Ausgangspunkt ist ein beliebiges Verzeichnis
mkdir ~/FreePascal

Die weiteren Schritte: downloaden, entpacken, installieren. Fragen mit den Vorgaben beantworten.
cd ~/FreePascal
wget ftp://ftp.hu.freepascal.org/pub/fpc/dist/3.0.4/arm-linux/fpc-3.0.4.arm-linux-eabihf-raspberry.tar
tar -xf fpc*
rm *.tar
cd fpc-*
sudo ./install.sh
Informationen zum installierten FPC sollten jetzt abrufbar sein:
fpc -i
Der Compiler verfügt über eine Terminal-IDE im Textmodus. Hier kommt richtiges 80er-Jahre-Feeling auf.
fp

Lazarus-Quellen downloaden

Unabhängig, ob die Lazarus-IDE installiert wird, sollten noch die Lazarus-Quellen geholt werden. Darin enthalten sind einige Bibliotheken, die auch für die Erstellung von Kommandozeilenprogrammen oft unverzichtbar sind. Das aktuelle Zip-Paket suchen und die Link-Adresse kopieren:
-> Sources -> Lazarus Zip-GZip -> Lazarus 2.0.4 -> Lazarus-2.0.4.zip

cd ~/FreePascal
wget https://sourceforge.net/projects/lazarus/files/Lazarus%20Zip%20_%20GZip/Lazarus%202.0.4/lazarus-2.0.4.zip/download -O lazarus.zip
unzip lazarus.zip
rm lazarus.zip
Die einzubindenden Bibliotheken sind zu finden unter: ./lazarus/components/lazutils

An dieser Stelle verfügt man über einen lauffähigen Compiler.
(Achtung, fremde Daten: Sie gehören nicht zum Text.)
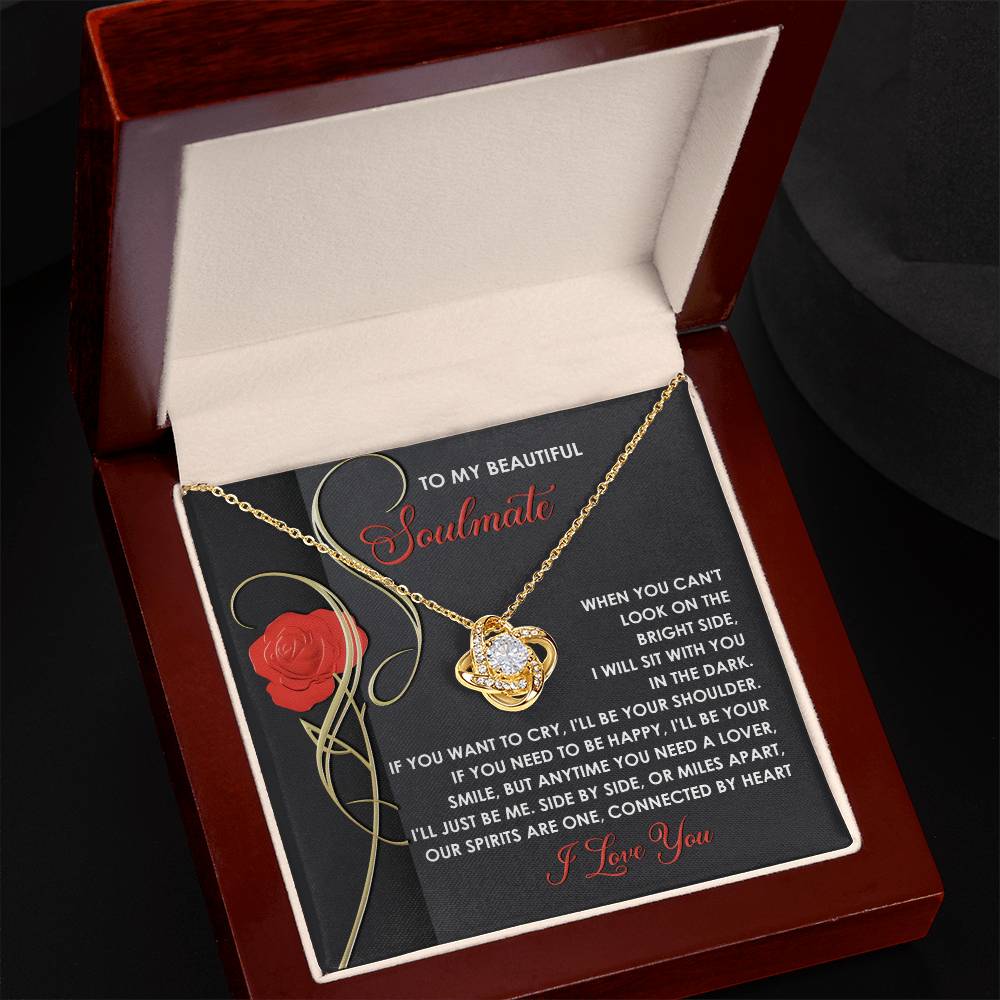 The Soulmate-Be Me - Love Knot Necklace comes in a box with a message card, embellished with cubic zirconia crystals and a rose design, featuring heartfelt text for your soulmate.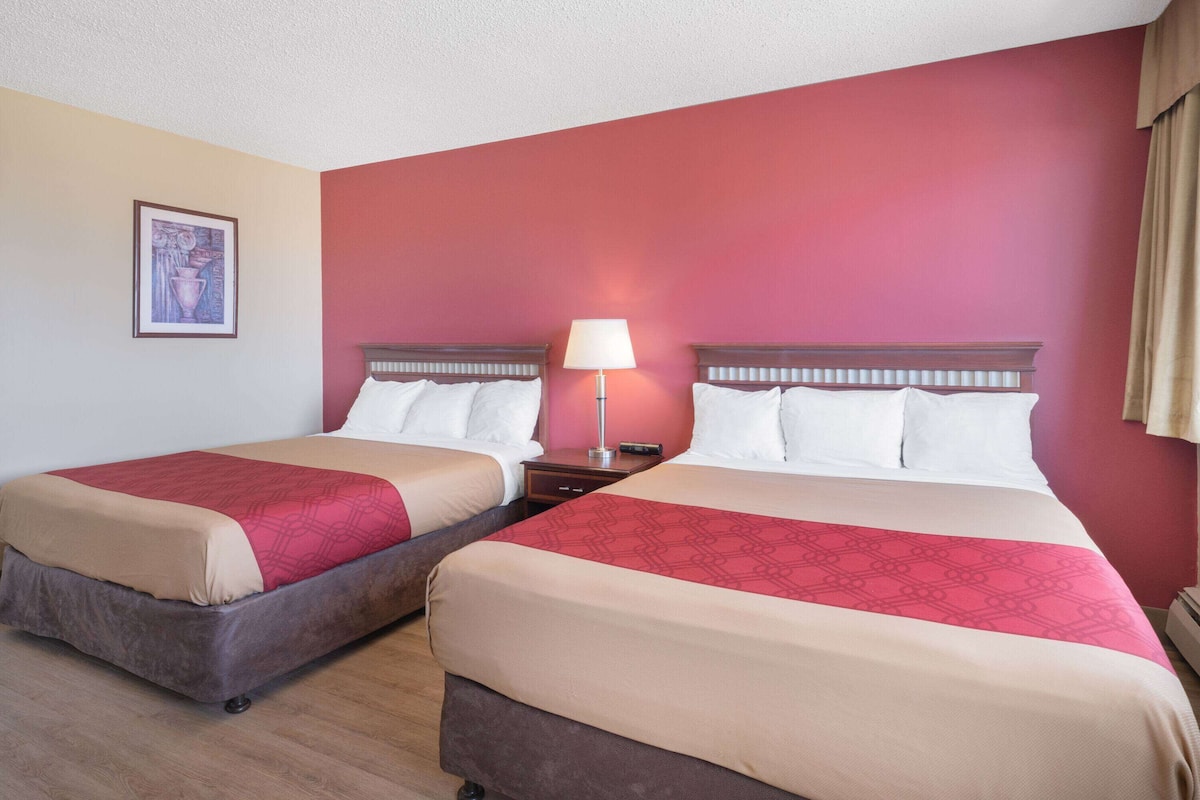 Habitación de hotel con dos camas, una mesita de noche, una lámpara y un cuadro en la pared.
Quellcode, der am PC geschrieben und vorgetestet wurde, lässt sich damit übersetzen.


Lazarus bauen (optional)

Die IDE lässt sich grundsätzlich auf jedem RPi bauen und benutzen. Das funktioniert selbst auf einem RPi Zero. Spaß macht das aber nicht. Ein RPi3 sollte es schon sein.
Lazarus erfordert ein Raspbian mit graphischer Oberfläche und die Installation einiger Abhängigkeiten:
sudo apt install libgtk2.0-dev libcairo2-dev libpango1.0-dev libgdk-pixbuf2.0-dev libatk1.0-dev libghc-x11-dev

Die Quellen wurden schon im Schritt 2 installiert. In das Lazarus-Verzeichnis wechseln und bauen.
cd ~/FreePascal/lazarus
make clean all
Dauer ca. 10min !!! Der make-Prozes geizt nicht mit Hinweisen und Warnungen. Aus der Ruhe bringen sollte man sich allerdings nur von Fehlermeldungen.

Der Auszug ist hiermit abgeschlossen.